The vehicle was 10 years old at the time, but it was new to me!

I pinched myself every time I drove it. I beamed when I looked in the review mirror and saw my now five-year-old and two-and-a-half-year-old holding hands in the back, hand on my belly as the new baby kicked.  I felt like the most blessed woman in the entire world.

Over the next 12 years, that car went on more adventures, held more memories, and was reliable in times when nothing else was.
I never fell out of love with it, nor did I ever dream of anything else.

150,000 thousand miles turned to 200,000 miles as years passed and  memories kept compiling.
Eventually, the air conditioning went out and I spent two summers with the windows down, wind in my hair, and only a few complaints.
New rituals that came with age didn’t bother me, like having to bang on the dash to get the ‘stuck’ CD player to stop the noise it made, or remembering to child-lock the back windows because if someone accidentally rolled them down, they might not go back up.

Reality began to settle in, like it has a way of doing, and we knew that 22 years and nearly 250,000 miles on her made long road trips seem less than wise.
So we began looking for a new car.
I was excited, at first. Air conditioning filled my dreams. Doors that could unlock with the click of a button seemed luxurious, and the confidence of being able to go places without the worry of breaking down felt nice (although we had never broken down before, mind you.) 

For months and months I searched far and wide for the next ‘perfect car.’
The search felt exhilarating, but quickly became stressful.

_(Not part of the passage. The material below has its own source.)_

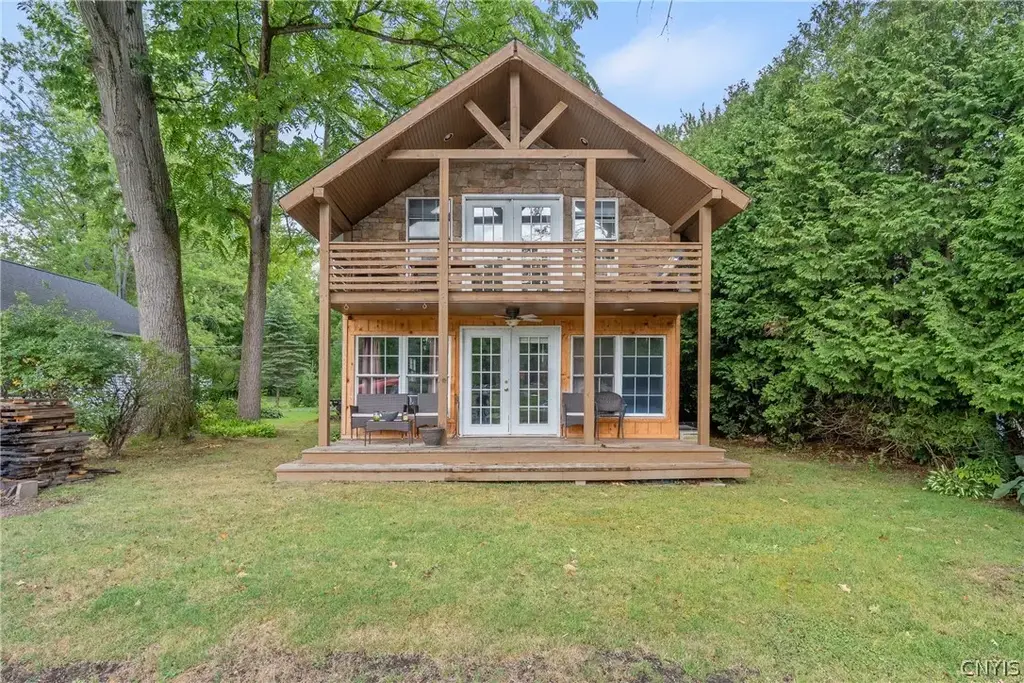 8438 Tuttle Road, Cicero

I realized that between the time I bought my current car, and the newer cars I was looking at, much had changed in the world of automobiles.
It seemed that people no longer drove cars, but cars drove people.
It seemed that vehicles were less knobs and gears and buttons, and had become computers, screens, and notifications. 

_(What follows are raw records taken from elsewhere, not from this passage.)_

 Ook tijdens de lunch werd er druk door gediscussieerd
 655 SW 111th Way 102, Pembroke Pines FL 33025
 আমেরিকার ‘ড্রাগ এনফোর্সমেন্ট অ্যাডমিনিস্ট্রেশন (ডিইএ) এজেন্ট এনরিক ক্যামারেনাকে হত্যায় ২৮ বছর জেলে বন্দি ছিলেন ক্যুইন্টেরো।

Perhaps the average person is drawn to this wave of the future that people desire.
Perhaps I am not your average person, because I yearned for the basics, the things I knew, with just a few less years and miles on the odometer.

I became selective, because as I looked at my dream car sitting in the driveway, I struggled with paying money for something I loved less than what I had.

Hours, days, months of searching, my list of requirements were being refined. 
Until one day, I found it. The seller was perfect, the price was perfect, and the location was perfect. It was just barely old enough that it still felt like a vehicle, not a spaceship.

Hands were shaken and transactions took place.
I was elated. Over-the-top excited. I stared at pictures of it, pinching myself that this was mine.
I couldn’t believe it. I felt fancy and spoiled.
I praised God for the gift.

As I hopped into the car and drove it away from the bank, I was suddenly overcome with emotion, but not the emotion I expected to have driving a new car that I had searched for for so long.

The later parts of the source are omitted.